• [Try it]:
One figure is wanted here: how many lines in the entries hold the word "Photo".

• [Data for this exercise]:

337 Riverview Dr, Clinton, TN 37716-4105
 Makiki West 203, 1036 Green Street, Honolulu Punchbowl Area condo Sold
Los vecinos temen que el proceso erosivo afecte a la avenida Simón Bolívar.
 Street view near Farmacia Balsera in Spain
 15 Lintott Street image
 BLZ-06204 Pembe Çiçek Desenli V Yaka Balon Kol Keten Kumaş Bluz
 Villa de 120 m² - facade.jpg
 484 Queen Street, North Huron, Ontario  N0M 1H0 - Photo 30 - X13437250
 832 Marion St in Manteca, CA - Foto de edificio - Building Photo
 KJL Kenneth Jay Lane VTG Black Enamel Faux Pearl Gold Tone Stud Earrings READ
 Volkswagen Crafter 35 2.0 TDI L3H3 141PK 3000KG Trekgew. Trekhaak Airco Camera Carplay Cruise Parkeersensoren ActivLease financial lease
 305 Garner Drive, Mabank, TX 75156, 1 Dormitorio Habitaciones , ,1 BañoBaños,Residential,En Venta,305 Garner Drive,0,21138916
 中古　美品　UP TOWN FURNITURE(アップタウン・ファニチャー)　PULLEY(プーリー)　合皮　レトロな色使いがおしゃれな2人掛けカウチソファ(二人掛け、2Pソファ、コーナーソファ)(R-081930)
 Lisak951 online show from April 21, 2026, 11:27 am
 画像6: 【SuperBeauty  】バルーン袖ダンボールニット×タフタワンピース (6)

• [Answer box]:
2